The US Naval Institute recently announced that the 2010 history conference will discuss the topic of piracy. Hopefully this little bit of interesting news finds its way into the discussion.
A judge on Tuesday dismissed piracy charges against six Somali nationals accused of attacking a Navy ship off the coast of Africa, concluding the U.S. government failed to make the case their alleged actions amounted to piracy.
The dismissal of the piracy count by U.S. District Judge Raymond A. Jackson tosses the most serious charge against the men, but leaves intact seven other charges related to the alleged April 10 attack on the USS Ashland in the Gulf of Aden. A piracy conviction carries a mandatory life term.
These pirates still face other charges, but lets just go over what has happened here a second.

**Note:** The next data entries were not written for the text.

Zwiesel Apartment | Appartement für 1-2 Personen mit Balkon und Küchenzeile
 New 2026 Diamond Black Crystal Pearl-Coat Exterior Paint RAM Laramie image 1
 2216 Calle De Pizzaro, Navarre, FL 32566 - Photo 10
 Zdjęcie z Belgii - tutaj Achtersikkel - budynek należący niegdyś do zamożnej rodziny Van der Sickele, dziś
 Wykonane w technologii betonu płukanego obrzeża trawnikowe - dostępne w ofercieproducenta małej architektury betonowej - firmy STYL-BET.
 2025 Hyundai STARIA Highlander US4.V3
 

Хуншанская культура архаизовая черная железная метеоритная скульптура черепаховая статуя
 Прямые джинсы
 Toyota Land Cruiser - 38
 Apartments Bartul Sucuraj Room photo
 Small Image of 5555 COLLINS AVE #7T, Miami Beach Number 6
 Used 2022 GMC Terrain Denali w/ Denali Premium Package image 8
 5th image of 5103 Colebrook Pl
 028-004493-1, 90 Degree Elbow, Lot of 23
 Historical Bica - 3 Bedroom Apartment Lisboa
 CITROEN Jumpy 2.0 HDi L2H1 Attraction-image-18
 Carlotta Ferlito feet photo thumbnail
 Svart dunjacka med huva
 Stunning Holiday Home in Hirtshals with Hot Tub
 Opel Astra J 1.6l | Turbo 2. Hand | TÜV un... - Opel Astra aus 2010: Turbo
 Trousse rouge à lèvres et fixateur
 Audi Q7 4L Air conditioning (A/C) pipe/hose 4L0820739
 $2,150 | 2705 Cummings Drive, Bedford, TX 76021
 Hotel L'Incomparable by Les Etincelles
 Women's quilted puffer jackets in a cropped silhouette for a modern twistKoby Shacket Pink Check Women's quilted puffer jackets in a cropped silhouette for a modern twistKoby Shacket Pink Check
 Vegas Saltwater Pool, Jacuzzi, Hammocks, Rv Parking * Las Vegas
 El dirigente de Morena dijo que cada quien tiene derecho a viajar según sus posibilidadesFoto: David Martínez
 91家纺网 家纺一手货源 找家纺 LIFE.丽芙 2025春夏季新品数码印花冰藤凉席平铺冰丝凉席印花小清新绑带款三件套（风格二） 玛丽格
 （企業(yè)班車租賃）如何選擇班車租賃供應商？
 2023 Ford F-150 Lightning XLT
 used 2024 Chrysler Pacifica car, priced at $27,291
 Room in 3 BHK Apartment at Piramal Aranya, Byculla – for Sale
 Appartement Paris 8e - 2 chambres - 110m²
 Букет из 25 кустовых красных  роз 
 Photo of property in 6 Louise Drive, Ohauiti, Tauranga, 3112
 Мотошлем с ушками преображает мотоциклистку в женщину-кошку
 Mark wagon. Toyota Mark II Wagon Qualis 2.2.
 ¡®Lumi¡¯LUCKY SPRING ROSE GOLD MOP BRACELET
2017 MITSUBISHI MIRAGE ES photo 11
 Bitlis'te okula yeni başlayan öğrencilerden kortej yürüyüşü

For those who don’t know the details, these 6 pirates tried to attack the USS Ashland off the coast of Somalia, and the USS Ashland responded by blowing their little skiff out of the water, rescuing the pirates, and arresting them on charges of piracy. The defense for the pirates was able to argue that the actions of attacking a US Navy ship accidentally – thinking it was a commercial ship they could hijack – does not qualify as the definition of piracy.
“The court finds that the government has failed to establish that any unauthorized acts of violence or aggression committed on the high seas constitutes piracy as defined by the law of nations,” Jackson wrote in granting the defense motion to dismiss.
Attorneys for the six men had argued that the men did not seize or rob the Ashland, falling short of the centuries-old definition of piracy.
I imagine it was kind of hard for the US government to make their case considering they blew the little pirate skiff out of the water for attacking the warship. By the standards this judge is setting in US courts, someone can attack a US flagged ship and as long as they can dump their equipment overboard before they are caught – anything short of a successful hijacking doesn’t quality as the definition of piracy.
The decision is intended to protect protesters like Greenpeace from being labeled pirates (but not all NGOs are Greenpeace, just ask Israel), which means now US case law is protecting the NGO which can now take the act of “protesting” US flagged ships on the high seas to a whole new level if they are smart about it.
Thankfully, Code-Pink doesn’t have a Navy… yet. This is a pretty nasty can of worms the judge has opened up because apparently, in the 21st century we cannot find a suitable definition of piracy that distinguishes Somali’s with AK-47s attacking US warships from Greenpeace activists – at least that’s how it played out in a Virginia courtroom. You really can’t make this up.